I am experiencing these things in myself as much as in other people.
You may have seen in my Twitter feed that I crossed paths with a madman last week. It was Friday morning. I was on the bus. At a major intersection, a man who looked not at all right got on. He was pale in a yellowish way. He had a 3-inch open cut on one hand that wasn't bleeding, but hadn't yet scabbed over. His hair was crazy-person hair. He was carrying a small paper cup of coffee.
He went to sit down, and spilled some of his coffee into his lap. He jumped up and roared "F***!" as loud as humanly possible. He wasn't far from me. I froze. He kept yelling various things. I kept my eyes forward, watching him from my peripheral vision, like a rabbit who's just noticed the approach of a fox.
Within two minutes the madman had decided, of his own free will, to leave the bus. He was intent on going back to the coffee shop to yell "F***!" at the unsuspecting counter staff. I felt sorry for them.

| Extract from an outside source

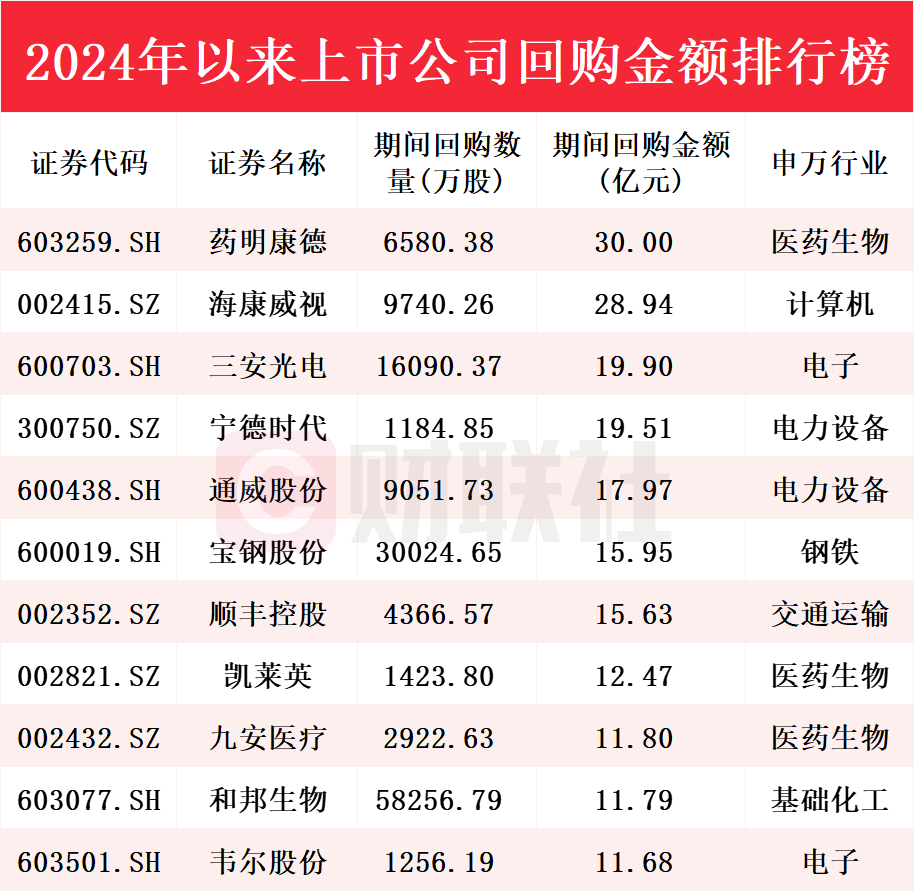 2024年澳门今期开奖号码|精选解释解析落实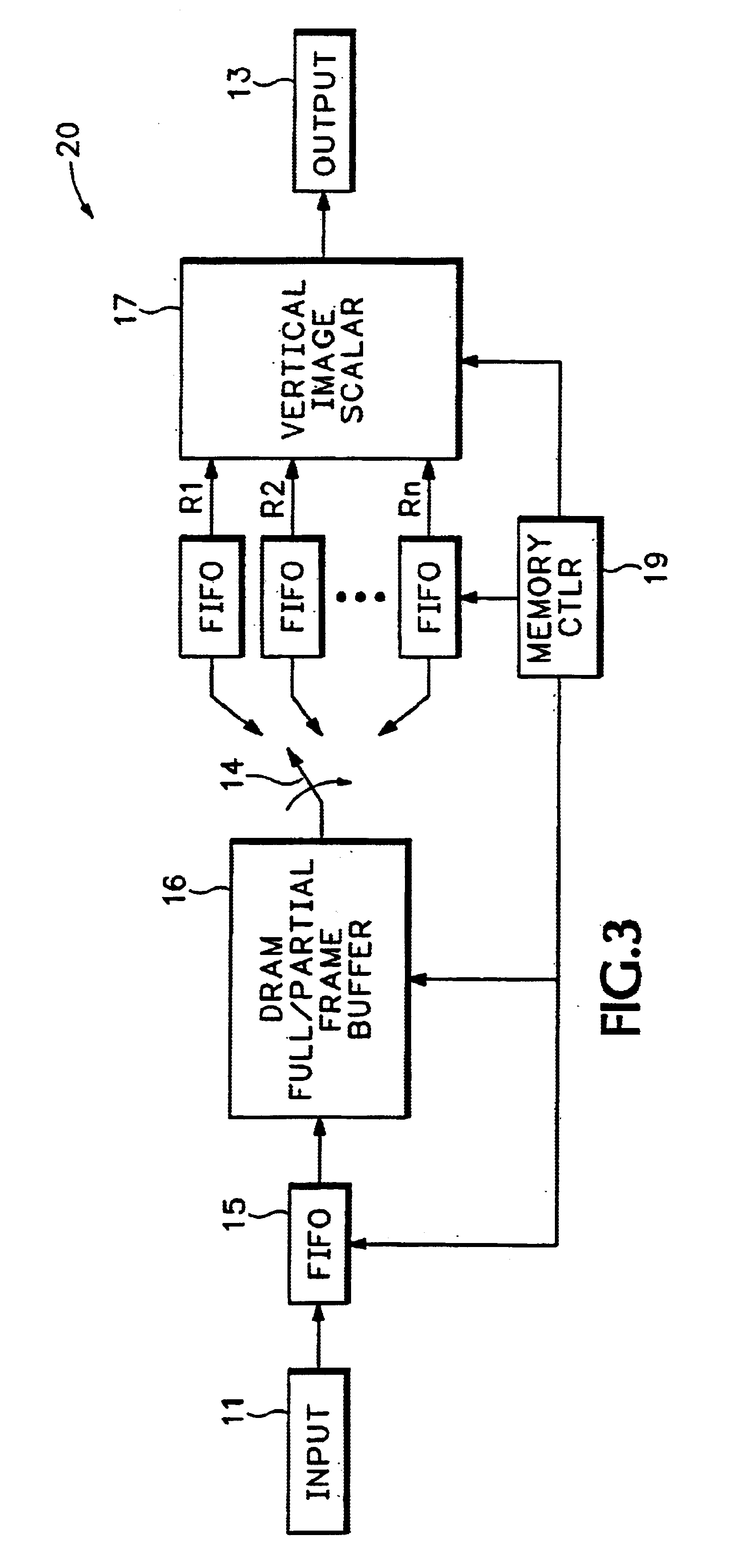 Ultra-high bandwidth multi-port memory system for image scaling applications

My fight/flight reflex had kicked in and didn't begin to wane until I got off at my stop. On top of the stress of worrying about Ken, my animal brain was overloaded with fear impulses. I felt skittish all day and had trouble falling asleep that night.
On Monday morning I was listening to my iPod when I arrived at the bus station. I wasn't thinking about Friday. But, my animal brain remembered. I started feeling afraid as soon as I got on the bus. I had to stop and think before I remembered why. I told myself: you've been taking this bus for over a year, and you know this guy is not a regular. Animal brain didn't care. Animal brain does not like to negotiate. I felt physically afraid until we'd passed the stop at which the madman had gotten on.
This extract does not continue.